Pandangan Rudolfo menyorot kepada seorang gadis di sebelahnya. Menyendiri di kerumunan. Kesepian di antara keramaian. Sebelumnya, Rudolfo demikian terkesima mengamati orang-orang gesit yang menyelinap di tengah padatnya penumpang.
Gerbong-gerbong serupa toko serba ada sedang melaju di atas batang-batang besi, dari Jakarta ke Bogor dan sebaliknya yang singgah di tiap-tiap stasiun. Sebelum bertransformasi menjadi Commuter Line, Kereta Rel Listrik (KRL) merupakan moda angkutan termurah se-Indonesia.
Rakyat berjejal menumpang KRL sampai di atas atap dengan pintu-pintu dan jendela-jendela menganga. Maka terpampang pemandangan ribuan orang memadati ruang dan atap gerbong-gerbong kereta yang berjalan terseok-seok.
Pedagang menawarkan sekumpulan tahu goreng berwarna kecokelatan dengan serakan cabai rawit. Asongan meneriakkan barang-barang sederhana kebutuhan rumah tangga, seperti peniti, korek kuping, kapur anti serangga, hingga lem tikus. Ada pula yang membawa tisu wajah, kue gemblong, slondok, permen, serta minuman dingin.
Juga terdapat mereka yang menjual rasa belas kasihan: bersendiri atau berdua, juga yang menyeret tubuhnya pada lantai gerbong memperlihatkan kaki diperban dengan rembesan merah.

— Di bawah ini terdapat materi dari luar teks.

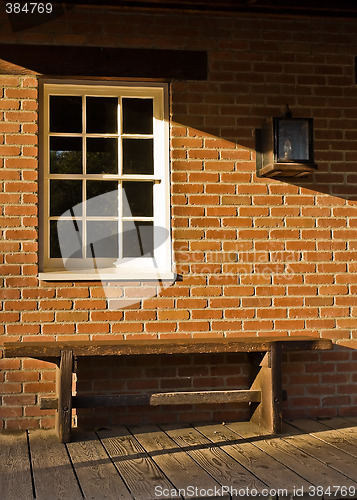 Image of Brick, Bench and a Window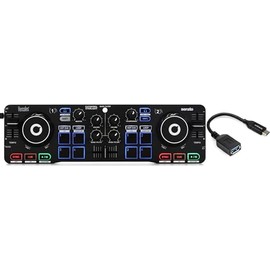 Hercules DJControl Starlight Portable 2-Channel DJ Controller with USB-C to USB-A Adapter - Compact and Lightweight DJ Controller for Beginners and Pros, Perfect for Mixing and Scratching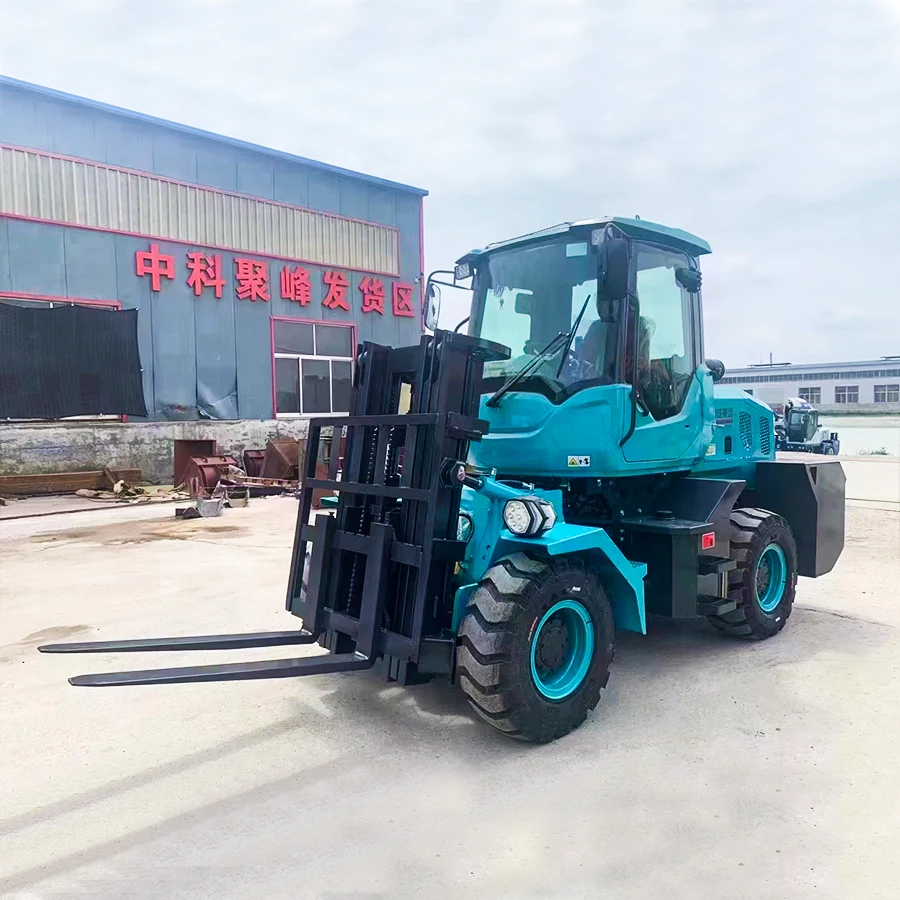 China Earth Moving Machinery 4500kg 4wd Construction Shipping Goods Rough Terrain Forklift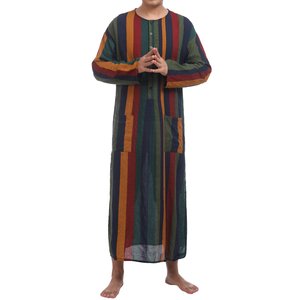2025 bordado tradicional hombres árabe Thobe musulmán hombres Thobe Marruecos Thobes ropa islámica Bata - Product Image 4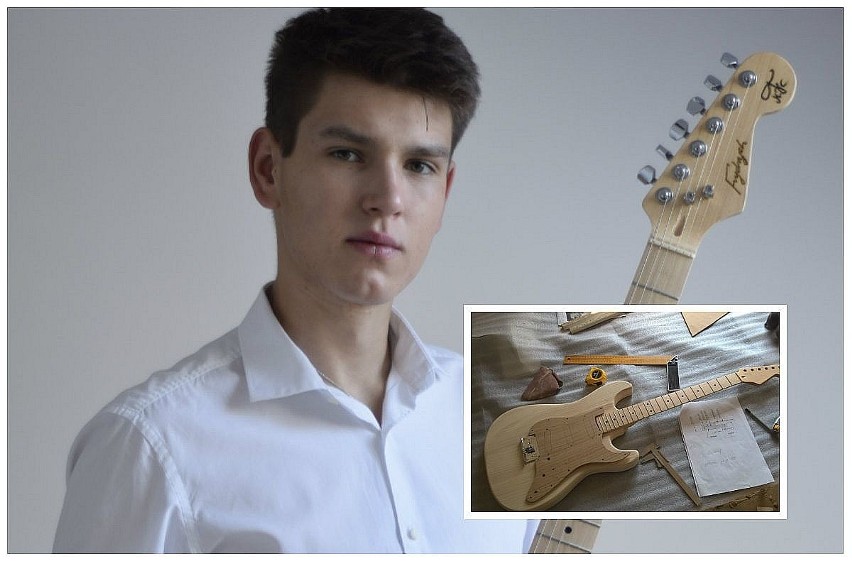 Mateusz Frydrych kocha grać na gitarze. Postanowił, że sam zrobi sobie instrument [ZDJĘCIA, WIDEO]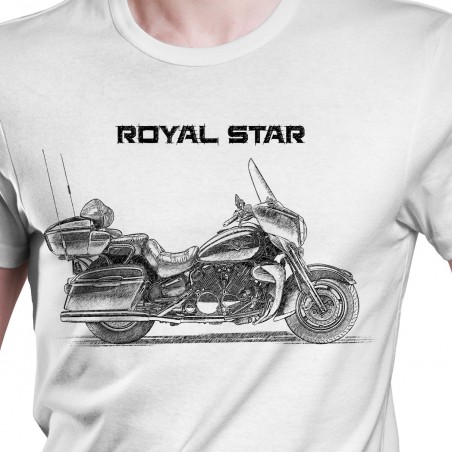 White T-shirt with Yamaha Royal Star Venture. Gift for motorcyclist.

Ditambah pula dengan suara riuh para pengamen.
Di luar para pengusaha gesit itu, copet-copet berkelebat dalam senyap, tahu-tahu dompet penumpang KRL lenyap.

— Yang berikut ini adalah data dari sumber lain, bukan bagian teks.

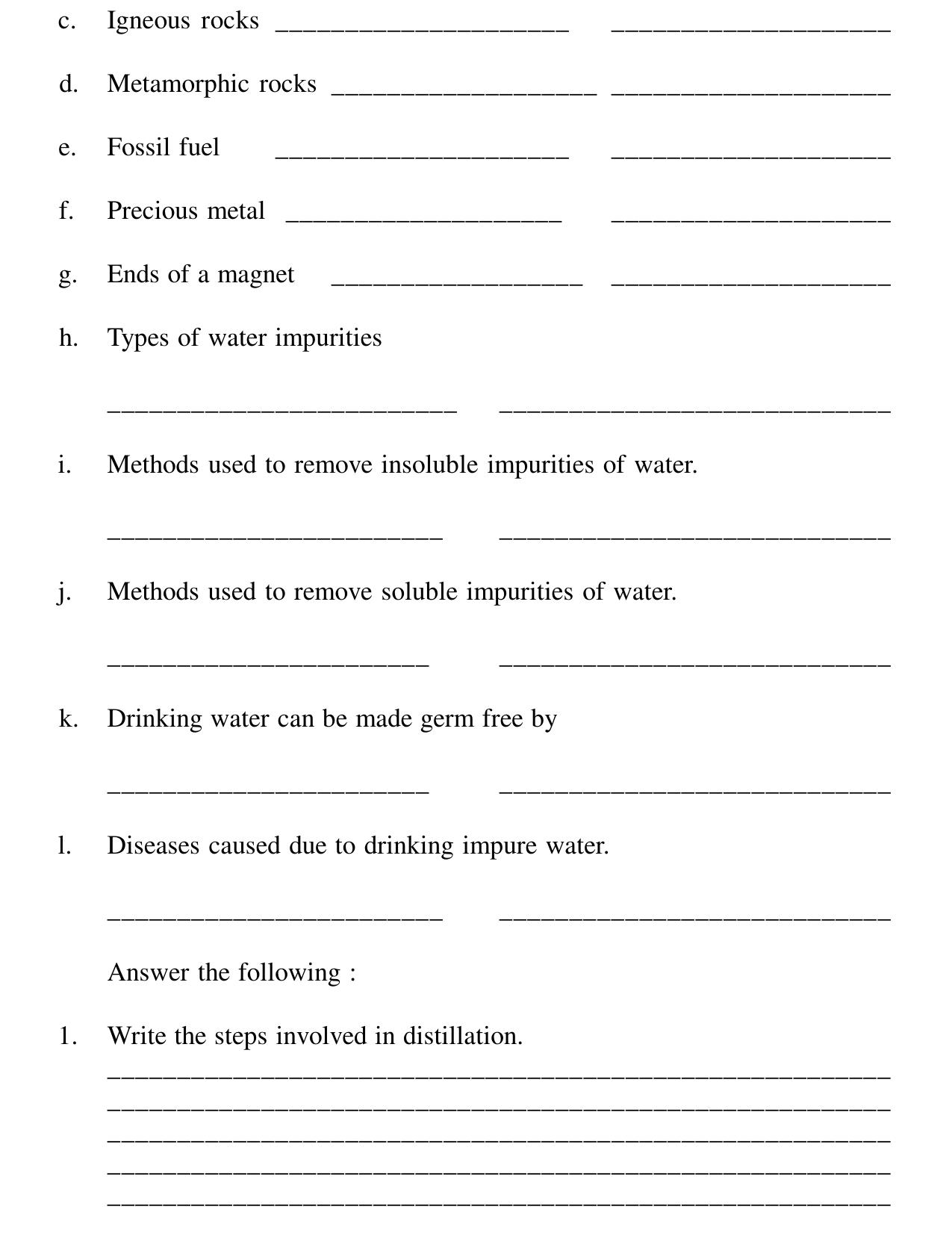 Worksheet for Class 5 Science Assignment 10 - Page 2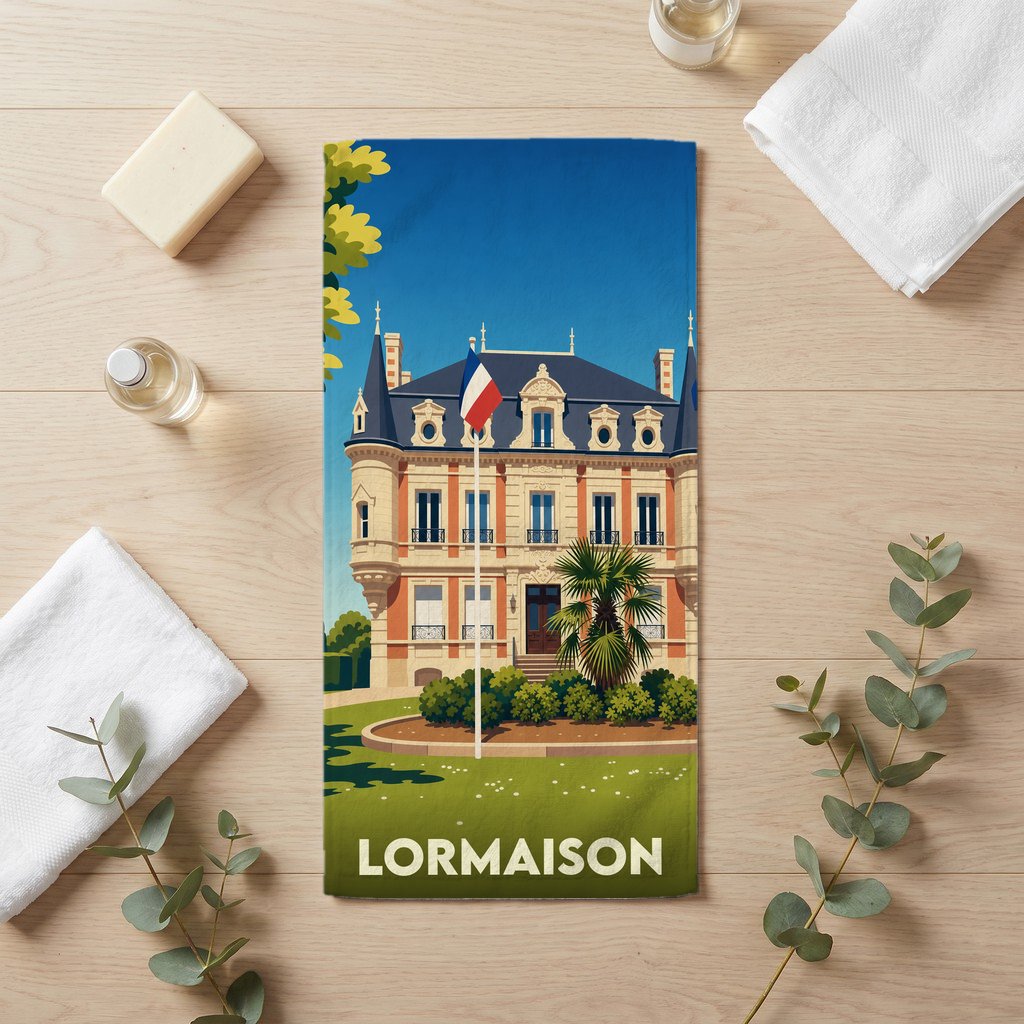 Serviette de bain souvenir de la ville de Lormaison avec une illustration stylisée d'un château français.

Pada suatu ketika ketukan roda di atas rel berhenti di sebuah stasiun kecil. Lama. Lebih lama daripada biasanya. Paduan suara para penumpang, pedagang asongan, peminta-minta, pengamen, dan copet membunyikan nada serupa.
"Huuuuuh.... mogok lagi!"
Penumpang-penumpang KRL kesal, mangkel, dan sebel. Suara-suara riuh pedagang asongan, peminta-minta, dan pengamen menjadi-jadi. Copet-copet makin leluasa dalam keriuhan.
Pintu-pintu dan jendela-jendela yang sudah terbuka lebar-lebar tidak berhasil menyingkirkan udara pengap. Ribuan orang keluar gerbong menunggu berita perihal mogoknya KRL yang tidak kunjung diumumkan. Menyisakan mereka yang belum terlalu mahir menyiasati padat dan pengapnya gerbong KRL, termasuk gadis itu dan Rudolfo.
Dengan mencuri-curi pandang, Rudolfo menilai, bahwa gadis itu menawan, tampak lembut, dan sebagaimana yang diidamkan selama ini, tapi wajahnya pucat. Membuat tampak kian putih, memperlihatkan urat-urat berwarna hijau muda menjalar di lehernya yang jenjang.